[[ DATA SHOWN open ]]

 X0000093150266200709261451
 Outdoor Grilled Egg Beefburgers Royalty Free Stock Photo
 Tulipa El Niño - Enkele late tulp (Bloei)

[[ DATA SHOWN closed ]]
[[ DATA SHOWN open ]]

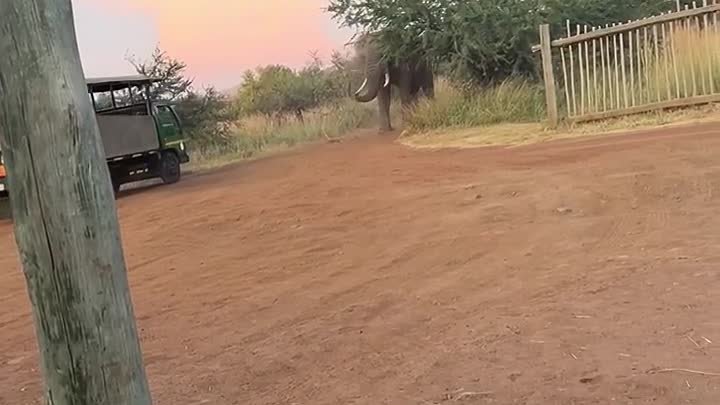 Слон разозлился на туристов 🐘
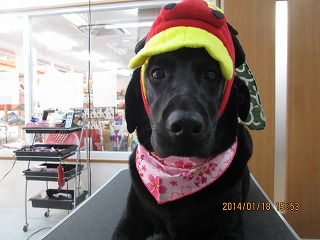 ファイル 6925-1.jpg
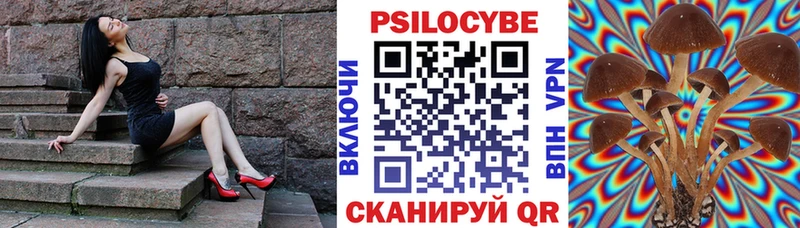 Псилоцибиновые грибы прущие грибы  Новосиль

[[ DATA SHOWN closed ]]
[[ DATA SHOWN open ]]

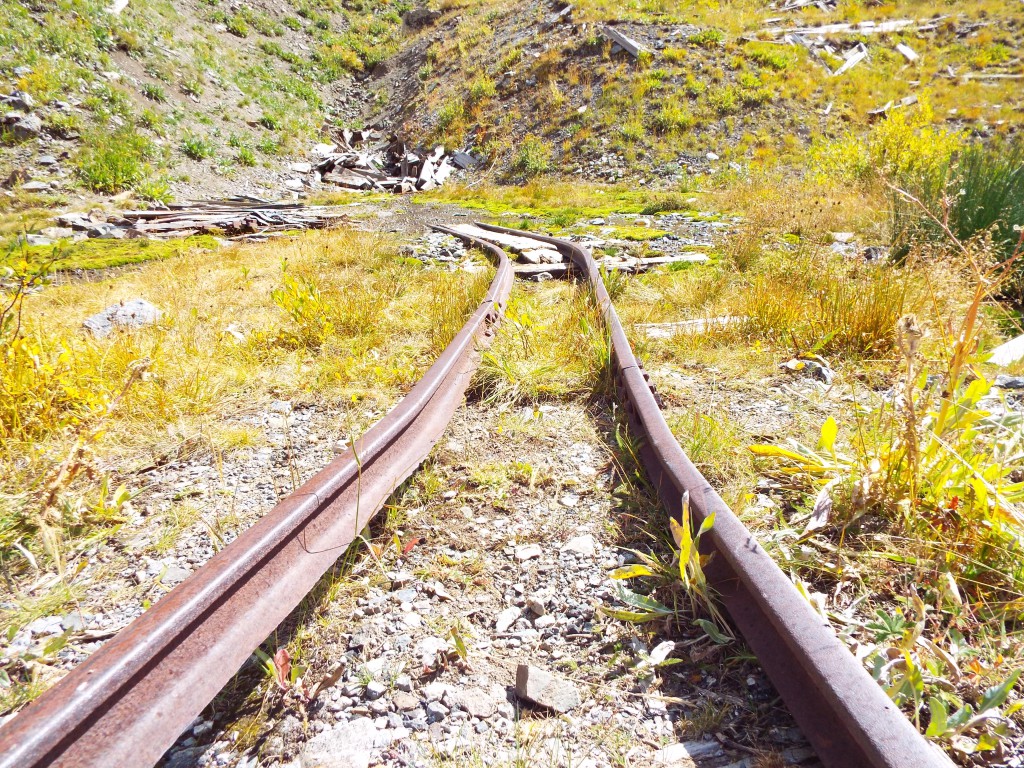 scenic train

[[ DATA SHOWN closed ]]

> [ABOUT THIS EXERCISE]:
Starting at the line that has "X0000093150266200709261451" in the records above, restate word for word every line until the one that has "Tulipa El Niño - Enkele late tulp (Bloei)", and include that one as well.

> [RESPONSE FOR THIS EXERCISE]:
 X0000093150266200709261451
 Outdoor Grilled Egg Beefburgers Royalty Free Stock Photo
 Tulipa El Niño - Enkele late tulp (Bloei)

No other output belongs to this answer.